──────── Material provided
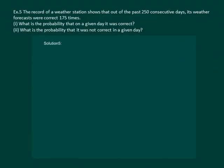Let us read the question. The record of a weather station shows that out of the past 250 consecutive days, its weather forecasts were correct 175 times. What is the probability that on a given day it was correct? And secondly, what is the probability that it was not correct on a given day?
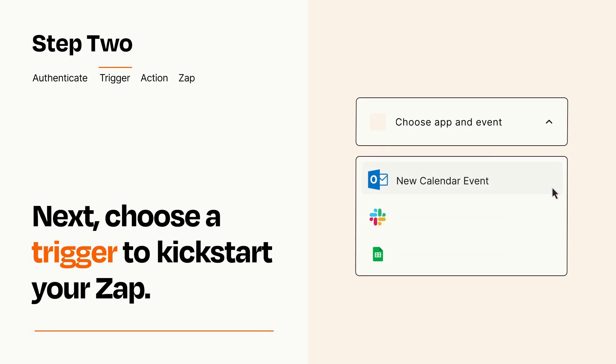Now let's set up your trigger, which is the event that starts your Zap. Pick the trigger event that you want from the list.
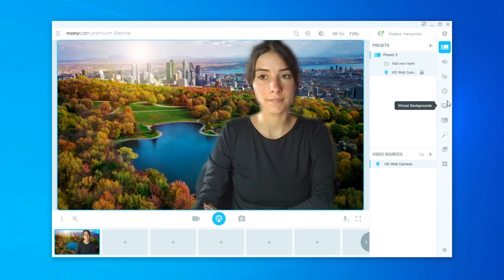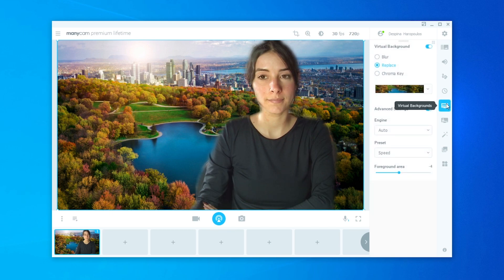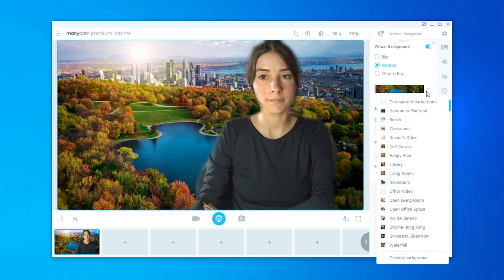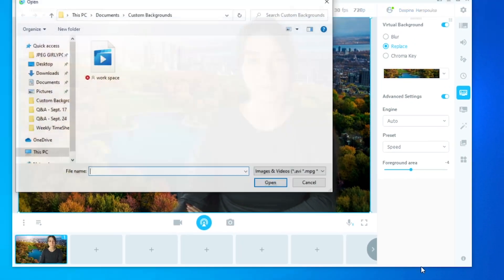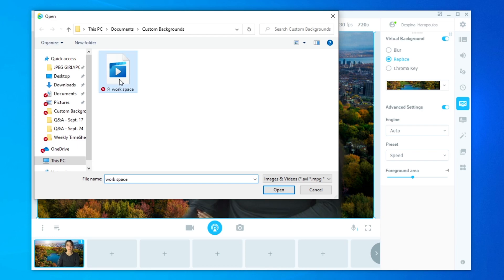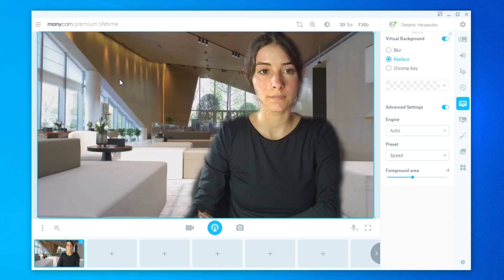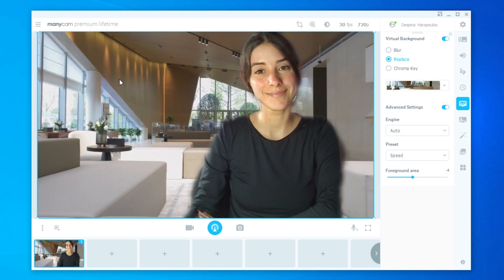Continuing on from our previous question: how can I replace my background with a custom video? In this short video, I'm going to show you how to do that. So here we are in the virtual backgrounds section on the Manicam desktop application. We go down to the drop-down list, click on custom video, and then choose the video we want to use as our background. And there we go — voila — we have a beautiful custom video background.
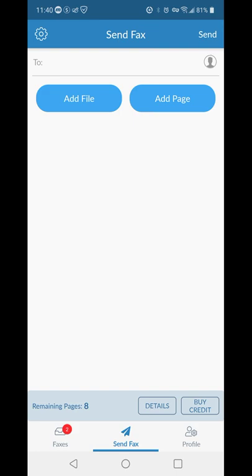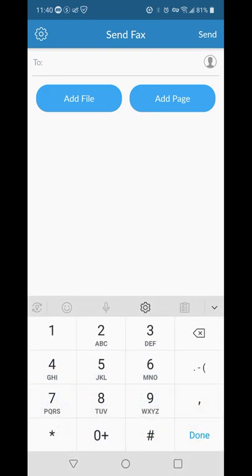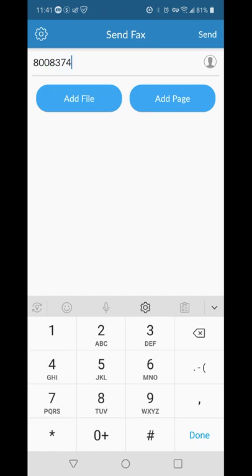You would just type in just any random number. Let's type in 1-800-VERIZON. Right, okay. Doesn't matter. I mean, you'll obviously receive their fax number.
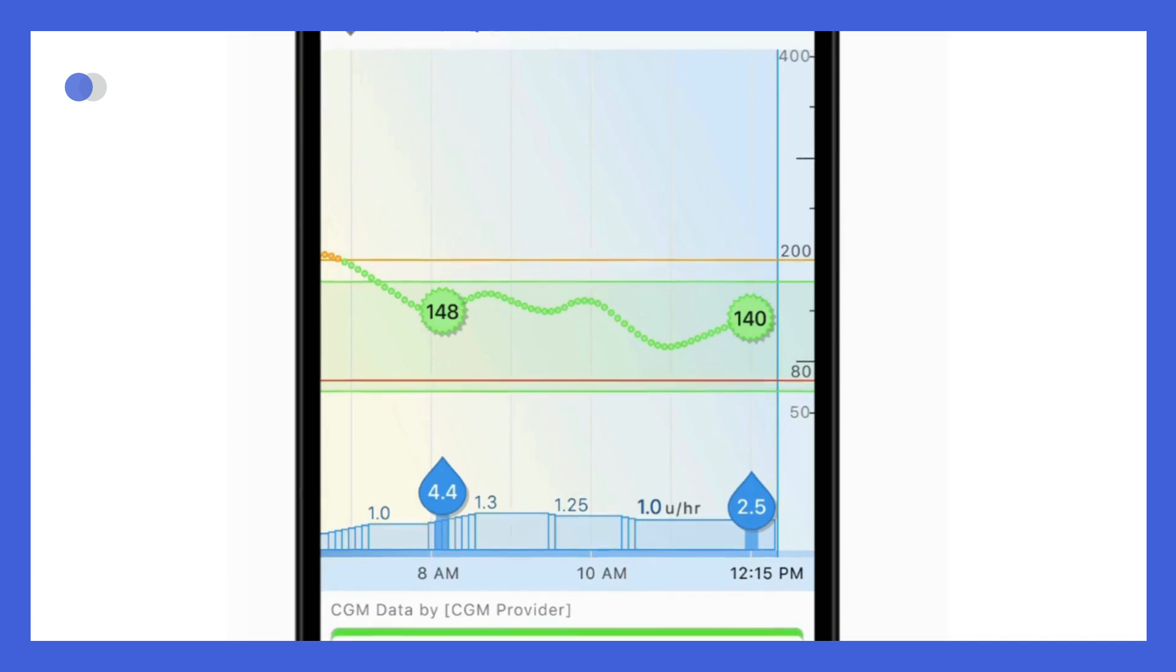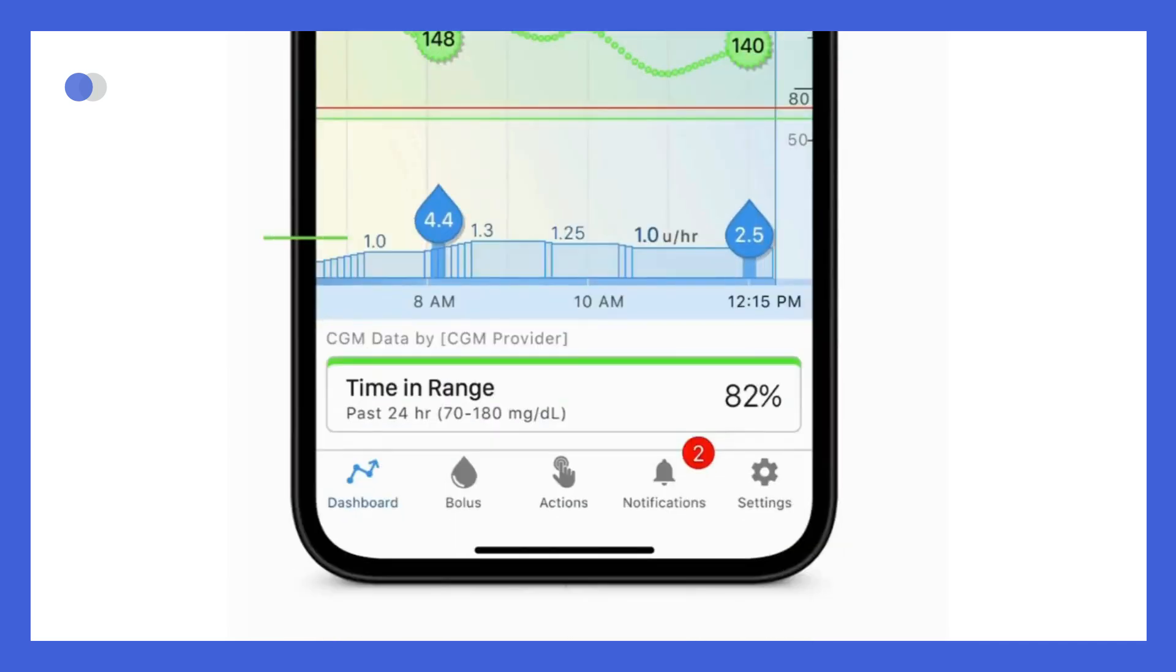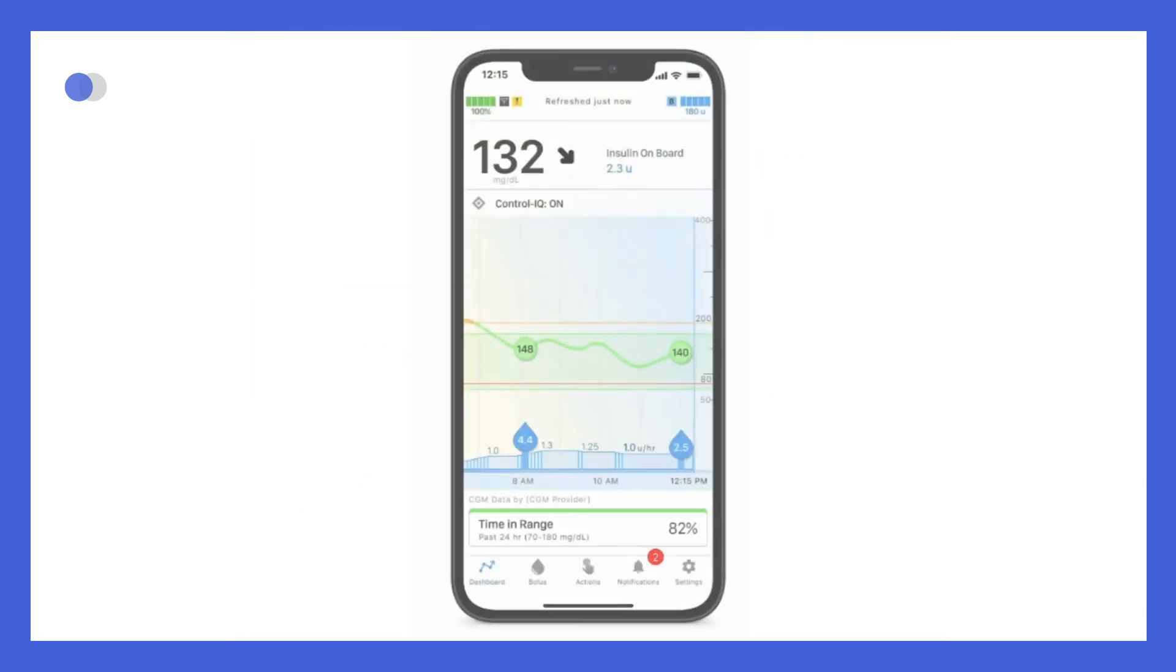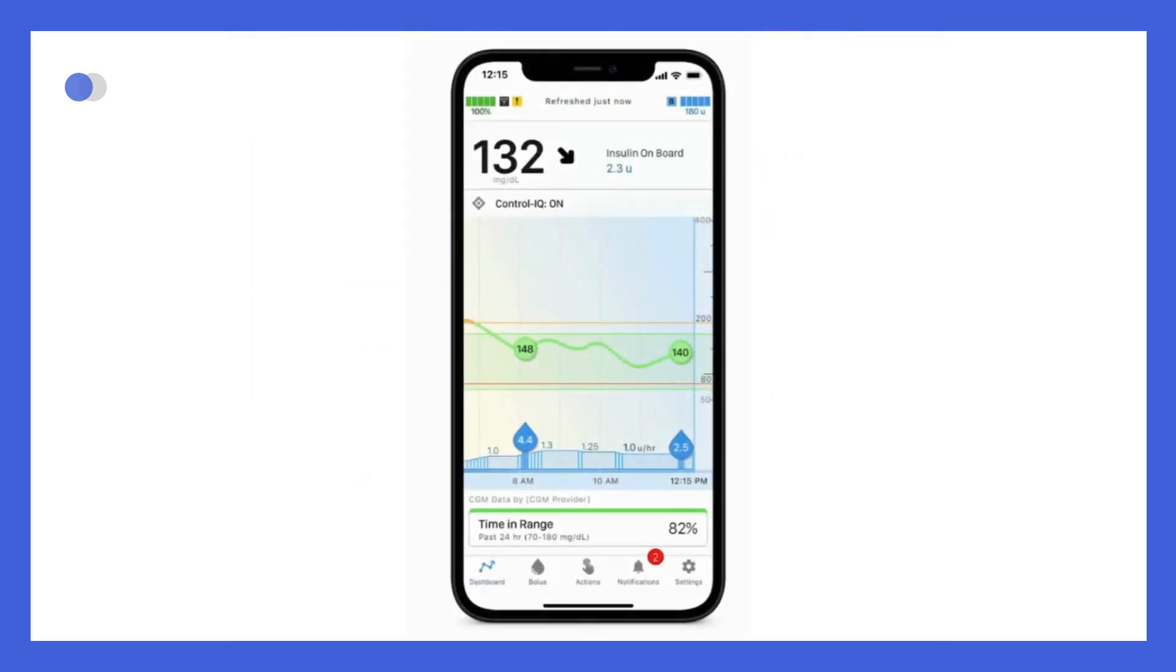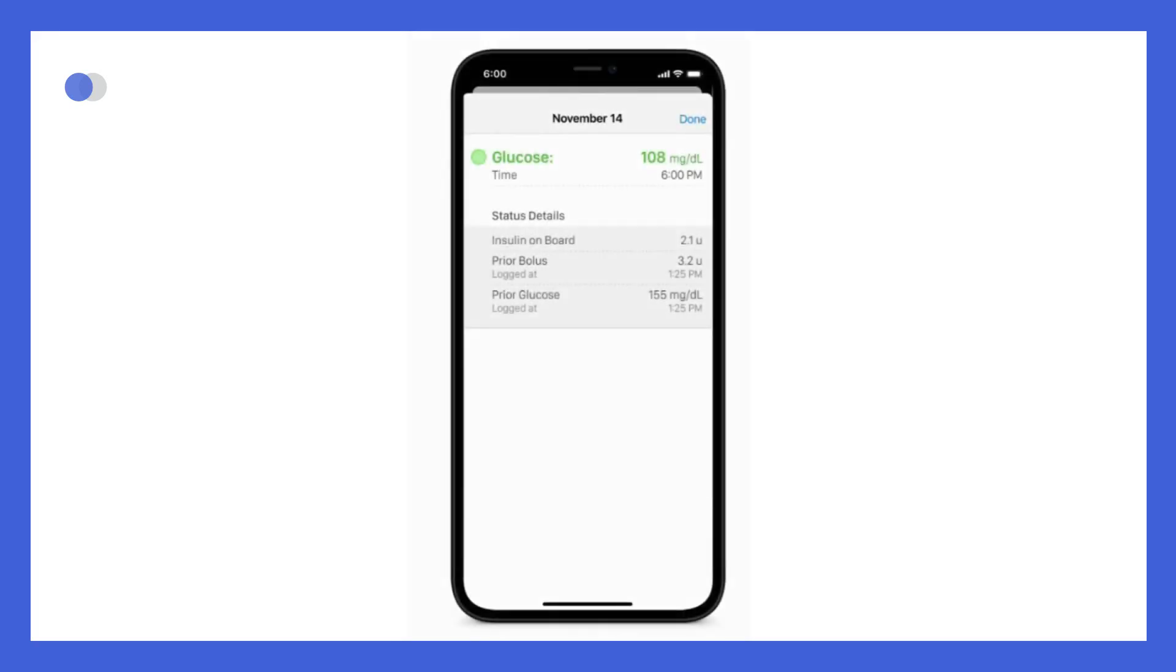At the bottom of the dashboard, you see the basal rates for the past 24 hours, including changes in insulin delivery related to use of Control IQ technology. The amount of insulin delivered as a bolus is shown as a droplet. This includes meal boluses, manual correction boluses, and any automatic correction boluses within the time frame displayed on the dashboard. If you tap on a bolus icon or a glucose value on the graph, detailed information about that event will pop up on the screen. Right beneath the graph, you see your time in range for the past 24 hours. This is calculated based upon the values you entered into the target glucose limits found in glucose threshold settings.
────────────────
Everything from the line with "You would just" through the end of the records above, both ends included, is to be reproduced exactly, and nothing outside that span; the pictures are to be dropped.

You would just type in just any random number. Let's type in 1-800-VERIZON. Right, okay. Doesn't matter. I mean, you'll obviously receive their fax number.
At the bottom of the dashboard, you see the basal rates for the past 24 hours, including changes in insulin delivery related to use of Control IQ technology. The amount of insulin delivered as a bolus is shown as a droplet. This includes meal boluses, manual correction boluses, and any automatic correction boluses within the time frame displayed on the dashboard. If you tap on a bolus icon or a glucose value on the graph, detailed information about that event will pop up on the screen. Right beneath the graph, you see your time in range for the past 24 hours. This is calculated based upon the values you entered into the target glucose limits found in glucose threshold settings.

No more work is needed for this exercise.